In some instance and no where near the art work, a scouring pad impregnated with cleaning wax can be used with care to remove some of the more difficult spots.  Try the method in an area that is not easily viewed, such as underneath the bottom bracket.  Clean a small area and then polish with a soft clean rag.  Look at the results.  If the nylon scouring pad left little swirl marks in the paint - stop!  Do not use the method.  The paint is too soft.  Return to a less aggressive method of a soft cloth to clean the painted and decal covered surfaces.

About the only other concern when waxing a frame set is to get rid of the extra wax.  Once dry, the wax will be a bit difficult to remove from nooks and crannies.  Take your time, again with a soft cloth, to get into these nooks and clean the last traces of wax away.  And that's about all there is to cleaning off a frame set.  Of course there are other issues that one must consider.  Is the frame set straight and  is there any cavity damage?

Of course, many unique cleaning issues can present themselves.  I have encountered frame sets covered with insecticide dust or bird dung.  It is not uncommon to discover dried vines interlaced with the bicycles wheels and frame.  Though it has little to do with cosmetics, dead animals have been discovered inside frame cavities.  In other words, if presented with an unusual cleaning situation, follow a couple of simple rules.  Protect you hands and breathing first.  Eye protection might also be wise if the contamination warrants it.  Blow or lightly brush debris off first.  Soak and flush with warm water.  Focus on local spots more aggressively but still with care.  Polish with a good cleaning wax.

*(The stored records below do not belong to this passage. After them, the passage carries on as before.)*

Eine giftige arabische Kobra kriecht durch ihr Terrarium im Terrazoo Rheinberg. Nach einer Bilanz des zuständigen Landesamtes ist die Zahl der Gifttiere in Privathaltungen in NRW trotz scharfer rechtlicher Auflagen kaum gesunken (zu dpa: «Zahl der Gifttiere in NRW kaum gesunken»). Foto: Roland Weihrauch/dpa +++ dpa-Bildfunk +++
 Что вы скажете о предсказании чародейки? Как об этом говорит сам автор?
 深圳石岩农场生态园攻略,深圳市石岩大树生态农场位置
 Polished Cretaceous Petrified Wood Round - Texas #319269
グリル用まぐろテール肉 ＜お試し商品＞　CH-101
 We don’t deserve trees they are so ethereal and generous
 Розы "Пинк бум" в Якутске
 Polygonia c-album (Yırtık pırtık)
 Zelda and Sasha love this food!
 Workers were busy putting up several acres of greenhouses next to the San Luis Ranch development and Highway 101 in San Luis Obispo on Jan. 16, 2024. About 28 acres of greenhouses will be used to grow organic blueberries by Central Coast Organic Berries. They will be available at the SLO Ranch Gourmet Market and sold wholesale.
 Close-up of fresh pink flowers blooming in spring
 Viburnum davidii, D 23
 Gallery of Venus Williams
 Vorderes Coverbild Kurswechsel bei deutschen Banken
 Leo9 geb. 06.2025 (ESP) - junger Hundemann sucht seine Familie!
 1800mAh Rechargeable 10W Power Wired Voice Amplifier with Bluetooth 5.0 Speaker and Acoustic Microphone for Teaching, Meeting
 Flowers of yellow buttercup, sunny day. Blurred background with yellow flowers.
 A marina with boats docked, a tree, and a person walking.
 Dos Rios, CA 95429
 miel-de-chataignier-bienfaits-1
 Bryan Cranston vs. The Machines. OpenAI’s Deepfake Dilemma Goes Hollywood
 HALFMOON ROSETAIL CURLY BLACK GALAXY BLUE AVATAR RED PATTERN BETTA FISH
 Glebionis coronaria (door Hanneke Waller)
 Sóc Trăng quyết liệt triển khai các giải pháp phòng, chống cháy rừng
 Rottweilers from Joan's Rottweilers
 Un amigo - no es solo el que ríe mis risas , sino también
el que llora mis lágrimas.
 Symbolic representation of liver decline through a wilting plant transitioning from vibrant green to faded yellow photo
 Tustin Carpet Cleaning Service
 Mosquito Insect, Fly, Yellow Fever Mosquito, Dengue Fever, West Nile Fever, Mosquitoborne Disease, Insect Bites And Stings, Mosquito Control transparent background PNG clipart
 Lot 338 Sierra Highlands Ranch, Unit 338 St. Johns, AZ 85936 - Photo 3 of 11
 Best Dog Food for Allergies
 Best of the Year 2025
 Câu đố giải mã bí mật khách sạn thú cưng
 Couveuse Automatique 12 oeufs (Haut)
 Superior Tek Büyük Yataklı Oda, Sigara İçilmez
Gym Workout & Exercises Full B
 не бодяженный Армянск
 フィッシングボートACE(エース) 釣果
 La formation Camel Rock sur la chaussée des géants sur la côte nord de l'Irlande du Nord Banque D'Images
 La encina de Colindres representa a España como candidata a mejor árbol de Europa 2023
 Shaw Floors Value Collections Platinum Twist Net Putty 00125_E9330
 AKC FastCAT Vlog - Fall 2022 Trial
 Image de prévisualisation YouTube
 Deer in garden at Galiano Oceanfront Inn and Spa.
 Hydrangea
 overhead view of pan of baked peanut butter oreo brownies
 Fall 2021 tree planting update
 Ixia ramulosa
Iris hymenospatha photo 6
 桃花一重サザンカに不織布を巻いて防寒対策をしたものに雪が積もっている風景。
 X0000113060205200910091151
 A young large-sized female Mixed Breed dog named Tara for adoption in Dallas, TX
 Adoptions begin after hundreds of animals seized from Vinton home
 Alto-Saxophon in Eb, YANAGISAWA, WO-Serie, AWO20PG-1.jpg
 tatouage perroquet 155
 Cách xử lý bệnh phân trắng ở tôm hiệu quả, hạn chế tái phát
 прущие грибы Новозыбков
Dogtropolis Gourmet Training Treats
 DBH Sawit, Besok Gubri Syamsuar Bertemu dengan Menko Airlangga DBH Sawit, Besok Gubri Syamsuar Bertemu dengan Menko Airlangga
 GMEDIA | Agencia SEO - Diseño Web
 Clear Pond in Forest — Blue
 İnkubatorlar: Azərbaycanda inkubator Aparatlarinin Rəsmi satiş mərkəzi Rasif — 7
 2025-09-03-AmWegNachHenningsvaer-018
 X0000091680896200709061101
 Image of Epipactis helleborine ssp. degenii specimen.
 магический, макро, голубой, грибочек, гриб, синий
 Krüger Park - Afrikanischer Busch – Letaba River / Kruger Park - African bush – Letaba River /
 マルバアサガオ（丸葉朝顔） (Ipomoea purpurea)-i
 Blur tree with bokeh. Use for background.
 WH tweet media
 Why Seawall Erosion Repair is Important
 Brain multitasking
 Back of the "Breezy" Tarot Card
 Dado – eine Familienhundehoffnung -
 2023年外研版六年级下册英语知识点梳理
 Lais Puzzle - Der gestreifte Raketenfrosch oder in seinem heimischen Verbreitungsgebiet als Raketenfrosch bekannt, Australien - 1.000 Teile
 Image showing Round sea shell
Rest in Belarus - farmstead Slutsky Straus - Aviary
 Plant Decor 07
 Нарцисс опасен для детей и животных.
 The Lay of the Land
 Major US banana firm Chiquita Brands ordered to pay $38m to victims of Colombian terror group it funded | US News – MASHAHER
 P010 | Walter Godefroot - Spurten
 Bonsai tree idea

With paint and art work cleaning under way, the next cleaning task focuses on fabric materials.  And every bicycle I have encountered to date has at least some plastic attached somewhere.  Of course, the oldest vintage road bicycle I have owned was of late forties or early fifties vintage.  And that bike, a Rochet Paris was a mess when I got it but the plastic cable casing cover was still in good shape even though the cable itself was rust seized years before I got the bicycle.